AAA’s Revenge (4/10) – This avatar was briefly awarded when reaching a max score of 1000 in the game of the same name, AAA’s Revenge. Unfortunately, it was disabled just a month after its release, due to a glitch in the game. The high score requirement made for an extremely challenging avatar, which gave it points in my book. The avatar has rounded corners, which in my opinion makes it a little more interesting than a plain square. Unfortunately there is no border at all, leaving it looking unfinished. The animation is another ‘mini-movie’, with the view zooming back and forth between AAA and Roothless. I personally do not like this effect at all. Furthermore, the art styles of Roothless and AAA appear to be very different, with the shading and color gradients being noticeably different from one character to the other. The AAA image looks like it could be taken from a Daily Dare or Games Master Challenge splash page, while Roothless looks much more basic, with lines that don’t look as polished. I do not feel like this avatar is very well-assembled or cohesive, but I still hope that one day it becomes attainable once more.

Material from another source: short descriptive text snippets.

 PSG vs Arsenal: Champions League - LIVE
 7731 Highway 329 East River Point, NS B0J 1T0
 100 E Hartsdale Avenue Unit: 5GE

Robot Vandagyre (9.5/10) – Upon its initial release alongside the Royalboy Lutari avatar, the Robot Vandagyre avatar was very pixelated and did not look nice. But the images were soon re-uploaded, giving us this beauty of an avatar. The artwork is sharp and crystal-clear. There is a scrolling animation in the background that is reminiscent of binary code, which I think suits the robot theme quite nicely. The Vandagyre’s eyes flash every few moments as well. The animation is subtle and not overdone. There is also a tiny detail in the border at the corners, where they are angled on the inside to give the avatar a more unique shape than a straight, square border would. The requirements for receiving the avatar are quite easy: view the lookup of a Robot Vandagyre when your active pet has a Robot petpet attached. The Robot Turmac is given out as a prize from the Turmaculus, and thus it is quite inexpensive to get a Robot petpet. I personally think that zapping a Robot Vandagyre at the Lab Ray would’ve been a more fun and challenging requirement, but that is my only complaint about this nifty avatar. Aesthetically speaking, this is probably my favorite avatar released in recent years.

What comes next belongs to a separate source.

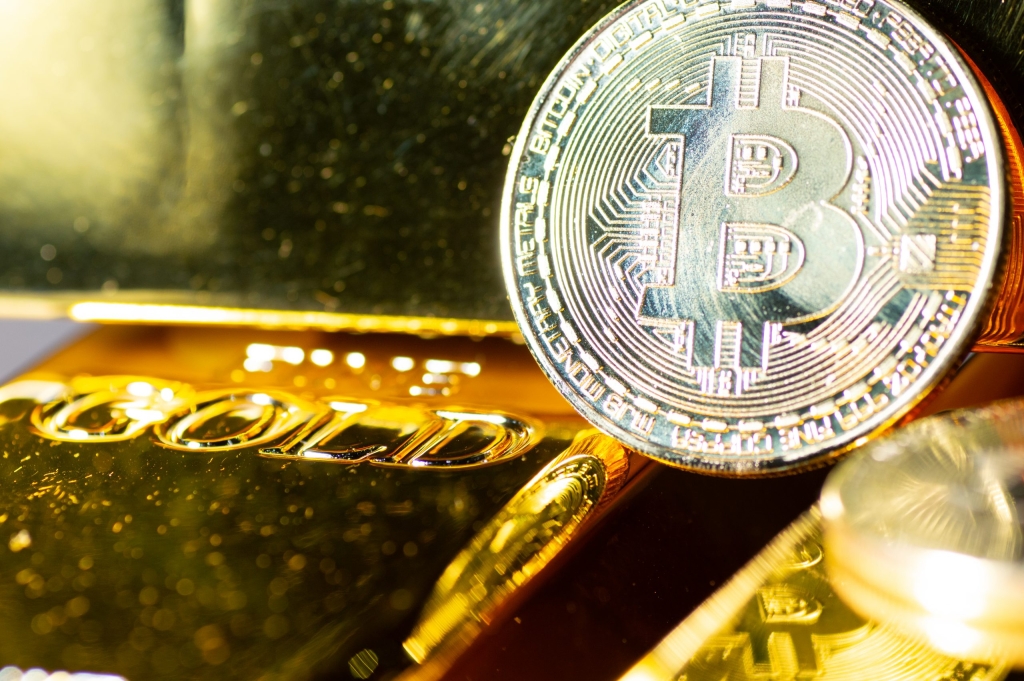 Ünlü Finans Uzmanı Bitcoin, Altın ve Gümüş İçin Tarih Verip Uyardı: Büyük Değişime Hazır Olun!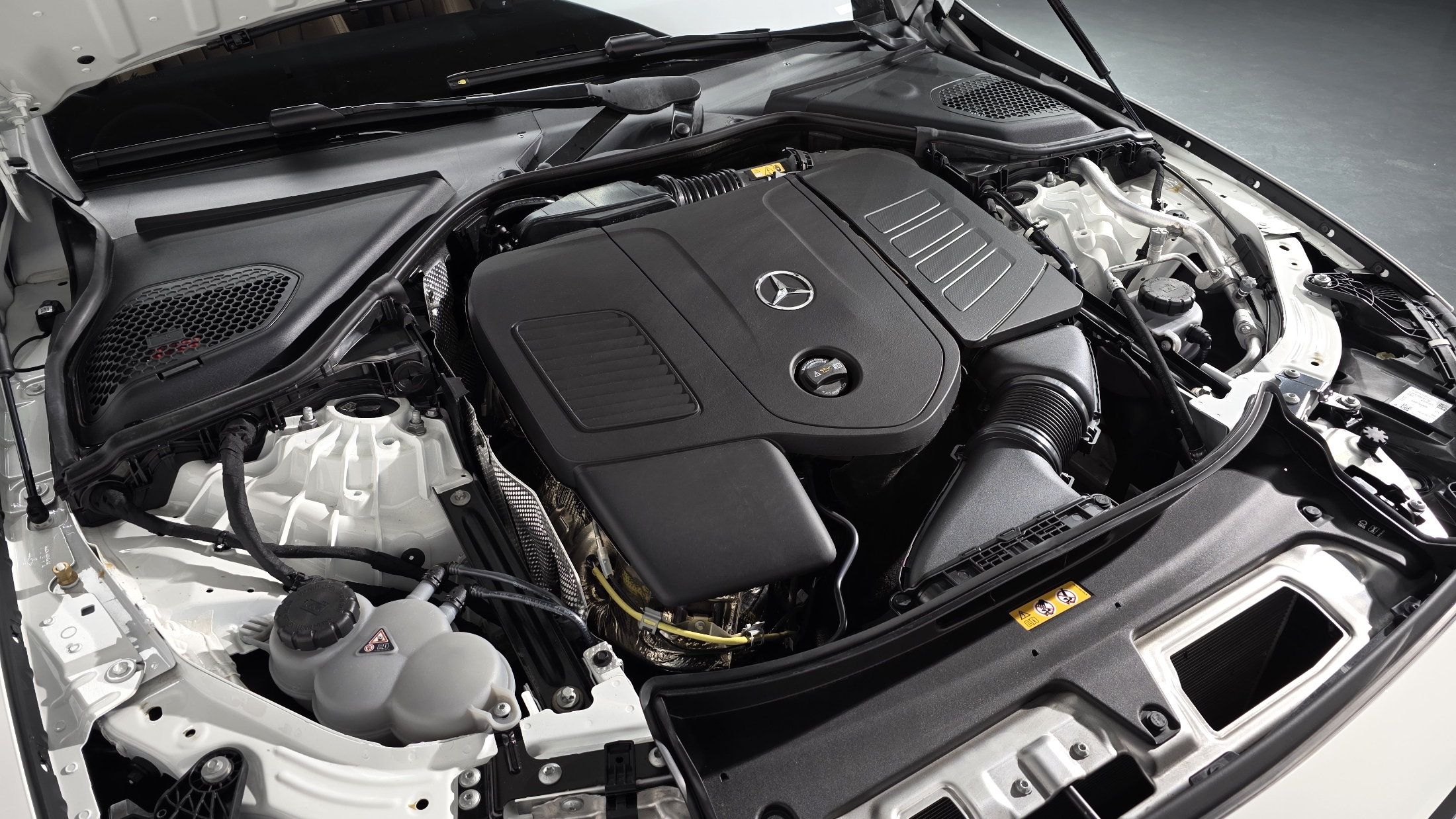 E300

L&L – Bravo, Aurrick! (2/10) – I feel that this avatar was an example of potential wasted. Aurrick’s avatar is awarded by participating in the Legends and Letters app challenge that links to your Neopets account. Firstly, it’s important to note that this avatar does not count in your collection. I feel that this information should have been stated in the app, because as it stands it felt like a bait-and-switch. For me, this significantly decreases the value of the avatar down to almost nothing. The Challenge of Challenges on the app was in fact quite entertaining to complete—this avatar would’ve scored well in that area otherwise. Art-wise, it’s a huge letdown as well. We were unfortunately introduced to the ‘mini-movie’ avatars in the Wraith Resurgence plot, and I had hoped that we’d seen the last of them. Fuzzy, pixelated, and with far, far too much going on, I feel that this avatar is an eyesore. The one bit of praise I can give is that the border is quite fun—much better than a plain black one. There was a huge missed opportunity, in my opinion, of a much better avatar. The ‘World Map’ icon of Neopia in the L&L app would have been such a treasure as an avatar. It is already close to the dimensions of an avatar, it would have a pleasing, unique shape, and it could have been hovering up and down slightly the way it does in the app. Overall this avatar was a huge disappointment.
Good Day at the Bank (6/10) – In order to be awarded this avatar, you must take your active pet on its birthday for a trip to the bank and deposit some neopoints. This gets points for uniqueness on the requirement for obtaining the avatar—it’s not as straightforward as most other recent avatars. I like that it makes me think of taking my pet to the bank so he can deposit his birthday money! However, a workaround was quickly discovered for this avatar. A person could create a brand new pet and take it to the bank that same day. This was not in the spirit of the avatar, which required patience and forethought akin to an annual avatar. TNT soon remedied this so that a Neopet could not award this avatar on the day of its creation. Looking at the art, I feel that it looks a bit fuzzy and pixelated. It almost reminds me of an 8-bit design. I think the animation is a bit too busy with the Skeith blinking and shuffling his hands, the scrolling text, and the bank vault door opening and closing. I would have either done the door opening with the scrolling text, or the Skeith blinking and moving his hands with an open vault door and stationary text. The border is almost non-existent, just a square, single pixel’s width in light grey. While I like the idea of the avatar, ultimately it is not very pretty to look at. Finally, I must mention something that bothers me particularly, and that is the method in which you are given this avatar. Rather than the traditional ‘Something Has Happened!’ box appearing at the top of the page, you are notified of your achievement via a Neomail. To me, this is a mistake. While some may not be bothered at all by this, it is one of my favorite things about getting an avatar to have that little box pop up and inform you of your success.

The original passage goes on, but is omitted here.